It’s only been open for a few months, but Buffalo has answered Beacon Grille’s beckoning with ravenous support.
Husband and wife co-owners Amanda (general manager) and Bruce Wieszala (chef) are no strangers to the restaurant industry, having cut their teeth in various positions over the last 10 years. At the Beacon Grille, both the menu and the kitchen itself are centered around a live wood-fire grill, bringing a new dining concept to the Buffalo restaurant scene.
“Nothing tastes as good as it does when it’s cooked over a live fire like that—you can’t replicate it any other way,” Bruce says.

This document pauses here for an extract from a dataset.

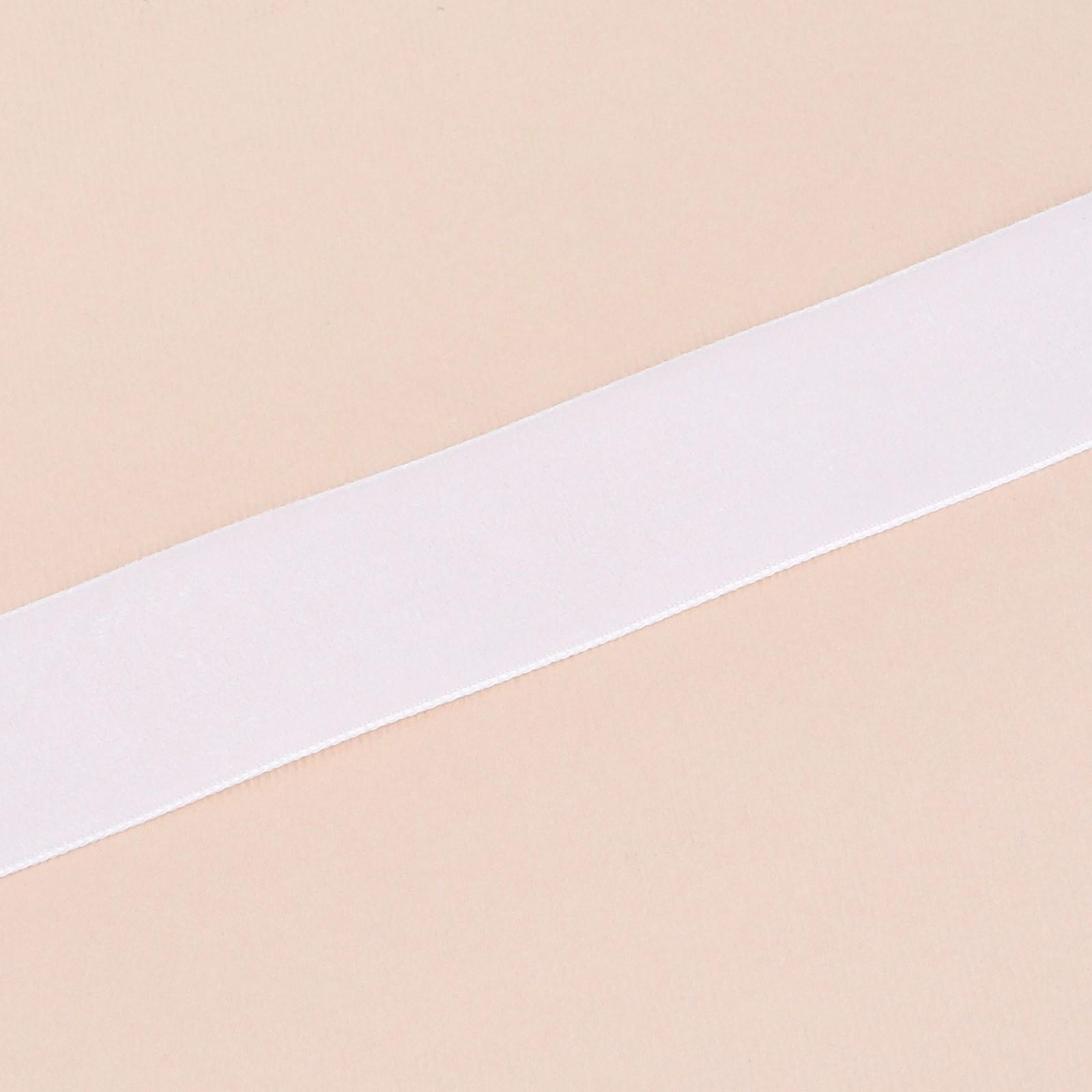 Лента бархатная, 25 мм, 18 ± 1 м, цвет белый №01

The space opened in July, and one item has been an unexpected hit from the very beginning: the charred octopus. It was inspired by one of Bruce and Amanda’s favorite meals abroad, reconstructed with wood-fired flair.
“On our honeymoon in Spain, every restaurant we went to had octopus—we ordered it every time,” Amanda laughs. “Bruce had said, ‘If we ever open a restaurant, I want to put a dish like this on the menu.’”

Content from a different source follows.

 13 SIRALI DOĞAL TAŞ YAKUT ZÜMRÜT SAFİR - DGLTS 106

“I start out by slow-cooking (the octopus) with white wine, garlic and very little salt, because it’s actually very ocean-y and salty to begin with,” Bruce explains. “It’s slow-cooked for close to two hours to get it nice and tender. When somebody orders it, we put it on the woodfire, to get a nice char and crisp up the skin.”

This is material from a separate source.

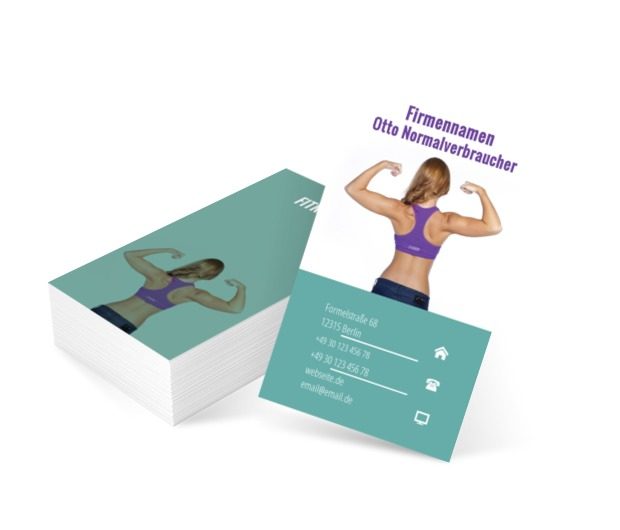 Silhouette der athletischen Frau, Gesundheit und Schönheit, Fitnesscenter - Visitenkarten Netprint Online Vorlagen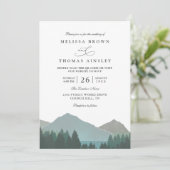 Mountain Lake Forest Trees Pine QR Code Wedding Kaart (Staand voorkant)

The charred octopus has been a best seller for the Beacon Grille since it opened in July.
The octopus is then layered over paella rice stewed with saffron, sofrito and chicken stock and then tossed onto a hot plancha to create a thin, crisp, underlying crust known in Spanish cuisine as “socarrat.”
Garnished with scratch-made, roasted tomato romesco sauce, the dish is completed with a sprinkle of fried garbanzo beans for an added crunch.
Despite initially assuming Buffalo might be slow to embrace the eccentric dish, the charred octopus has been Beacon Grille’s top-selling menu item since it opened its doors.
“It was immediate—I was so shocked,” Amanda says. “The whole staff tried it during training and they all loved it, but restaurant people tend to be a little bit more adventurous of eaters. I did not think that Buffalo was going to be on the octopus train as hard as it has been.”
The Wieszalas are looking forward to their first winter in the space, knowing that the live grill will evoke an even cozier atmosphere and provide warmth and respite in the colder months.
“We really identify with the values of Allentown and how it’s always been this really accepting, creative and inviting community,” Amanda says, “That’s what we wanted to parallel in our restaurant.”